Material shown below:
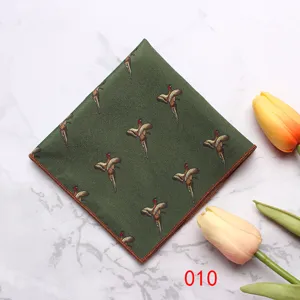 Vista detallada de pochette verde de poliéster para hombre con elegante diseño de faisán.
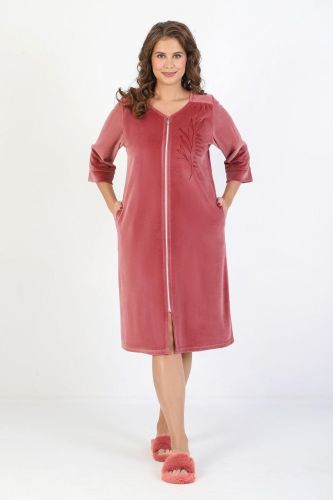 Изображение товара «Посл размер Женский халат (на молнии) из велюра «Саломея (брусничный)» арт 87498» из магазина «Ивановский-Текстиль.РФ»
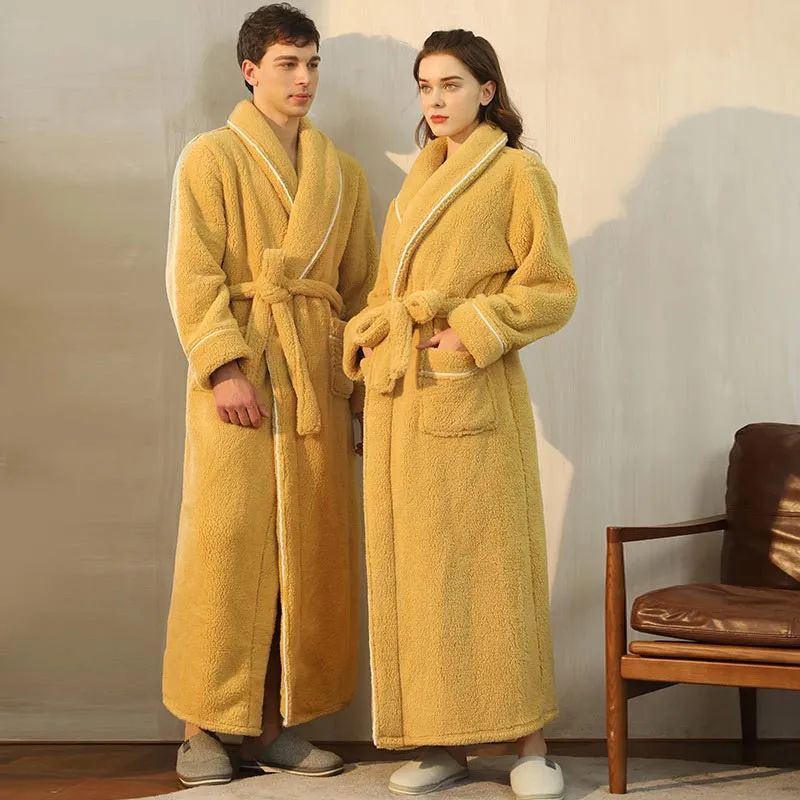 Bequemer Fleece-Pyjama-Bademantel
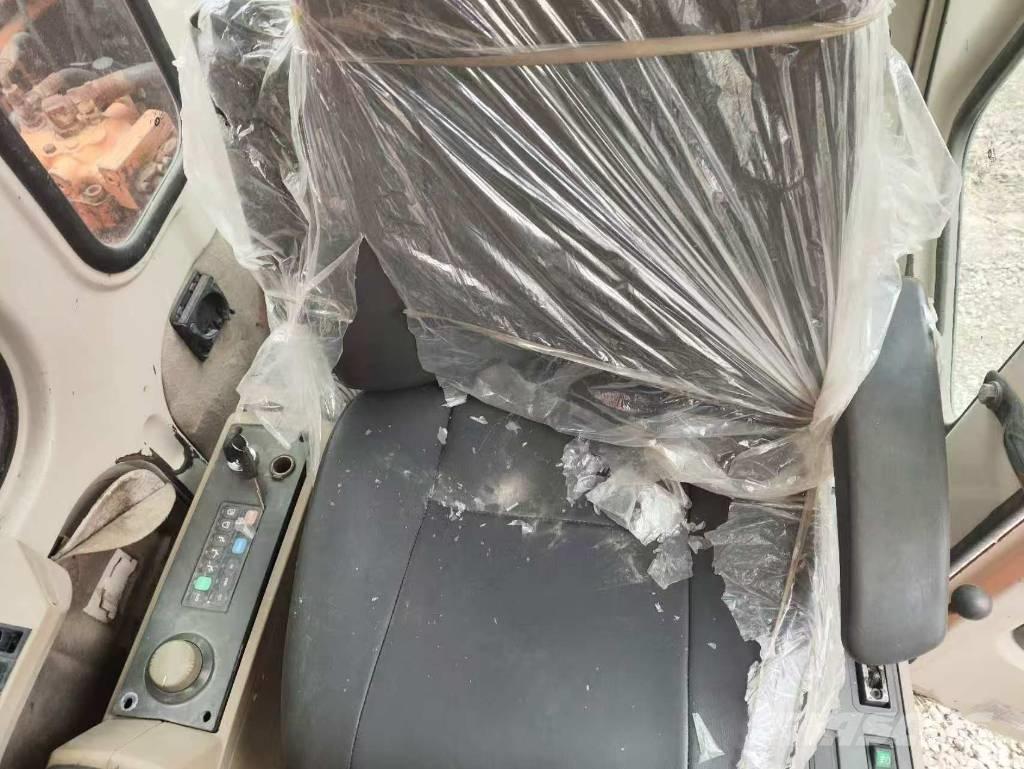 Doosan DH 210 W-7 Pyöräkaivukoneet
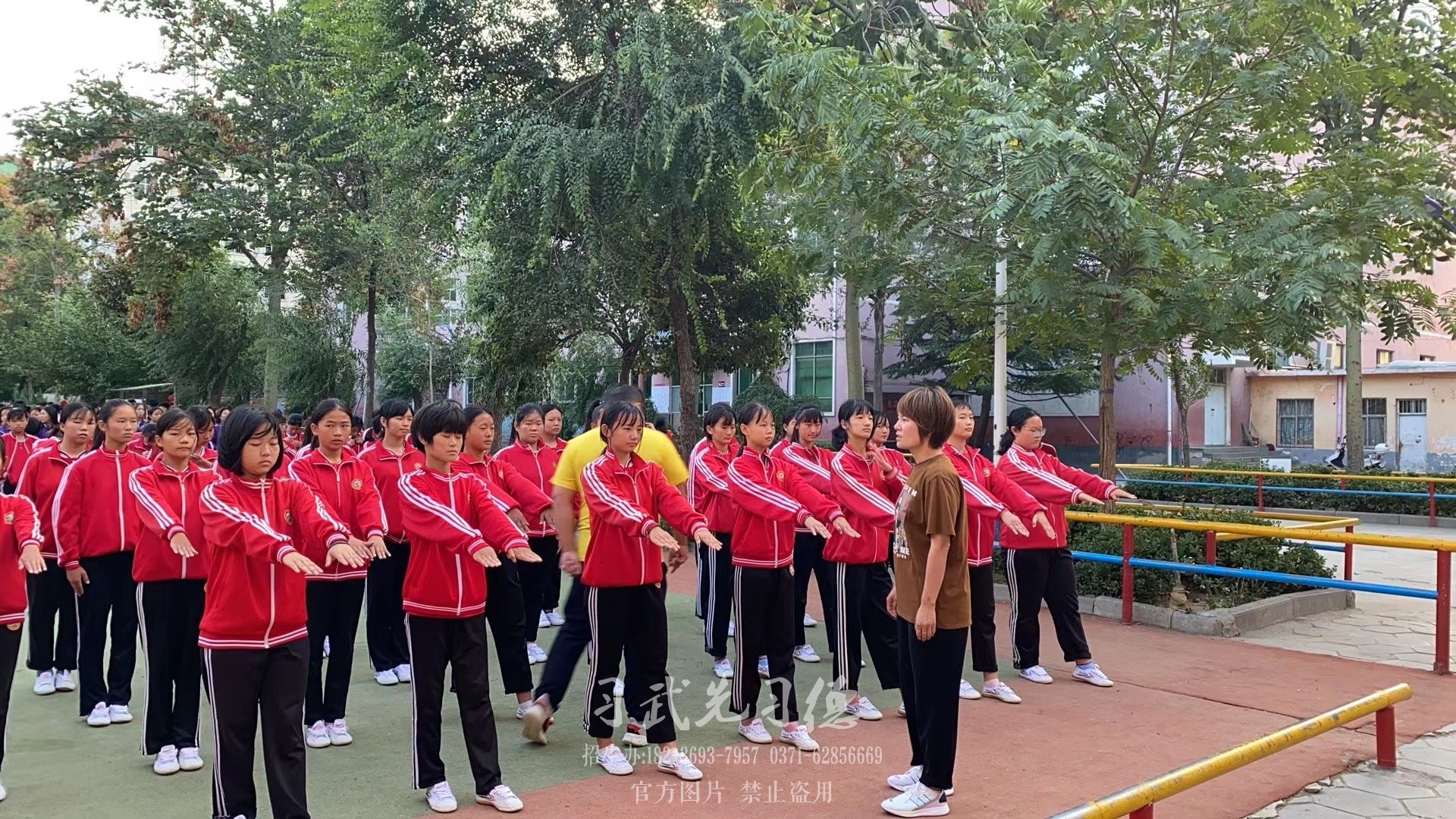 嵩山少林招收女生嗎,女孩子去少林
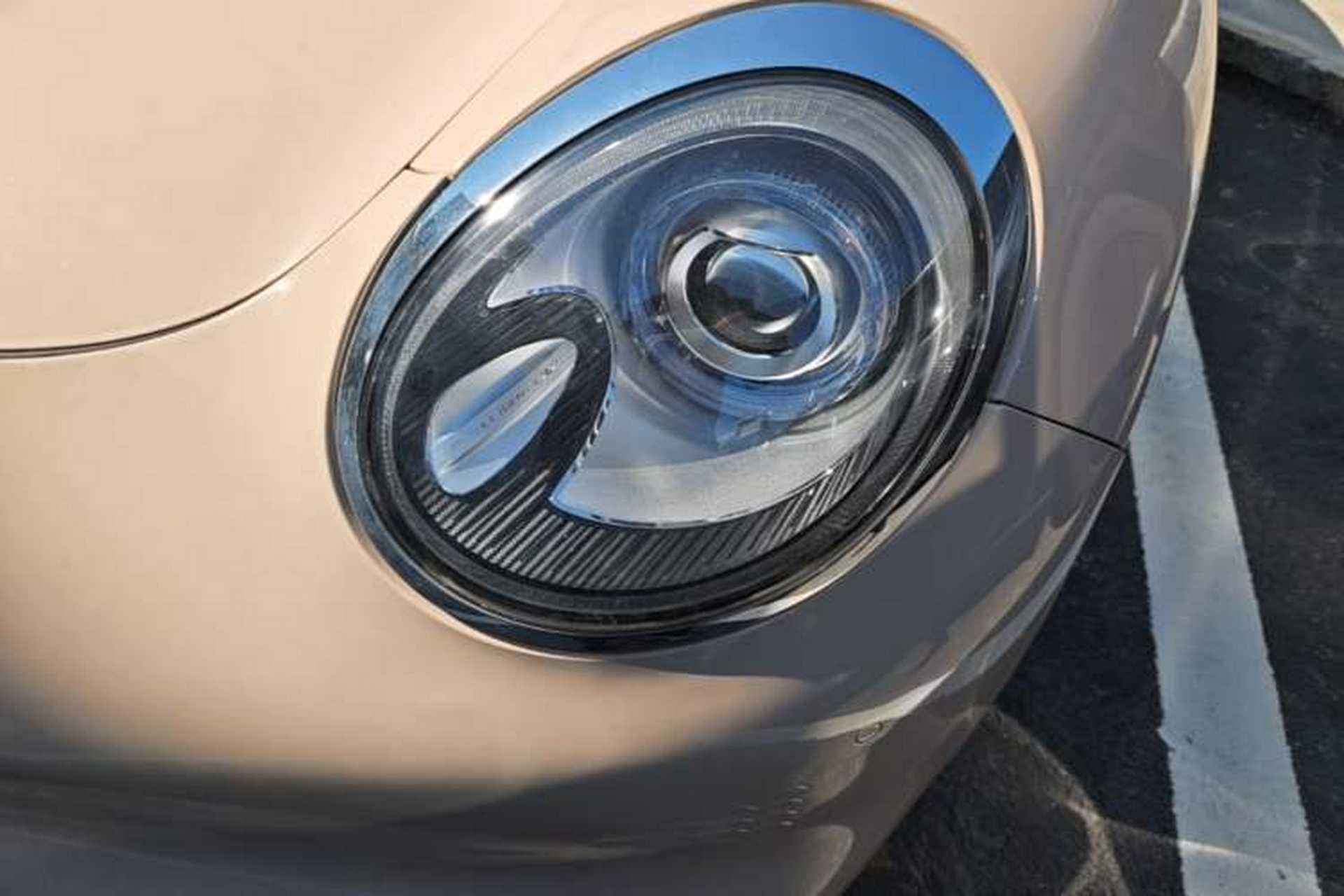 Used ORA Good Cat 2021 500km Long-Range Poseidon Edition Lithium-Ion Battery Left Front Headlight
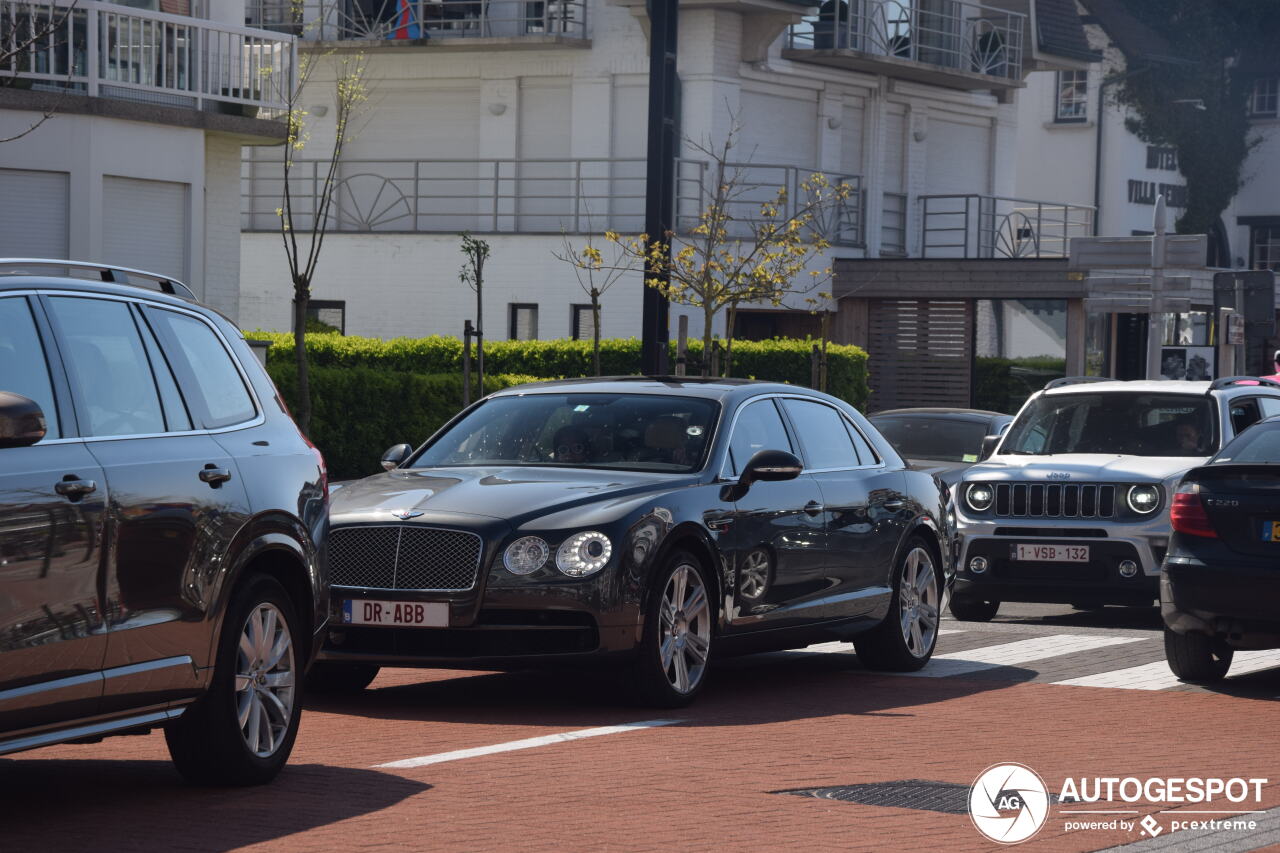 Bentley Flying Spur V8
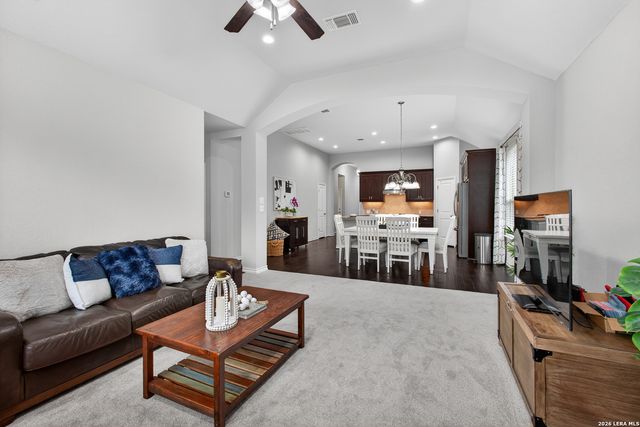 125 CIMARRON CRK, Boerne, TX 78006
End of Material shown.
- _What this task involves_:
Write out all the entries again, word for word, and print no images.

- _Expected answer_:
 Vista detallada de pochette verde de poliéster para hombre con elegante diseño de faisán.
 Изображение товара «Посл размер Женский халат (на молнии) из велюра «Саломея (брусничный)» арт 87498» из магазина «Ивановский-Текстиль.РФ»
 Bequemer Fleece-Pyjama-Bademantel
 Doosan DH 210 W-7 Pyöräkaivukoneet
 嵩山少林招收女生嗎,女孩子去少林
 Used ORA Good Cat 2021 500km Long-Range Poseidon Edition Lithium-Ion Battery Left Front Headlight
 Bentley Flying Spur V8
 125 CIMARRON CRK, Boerne, TX 78006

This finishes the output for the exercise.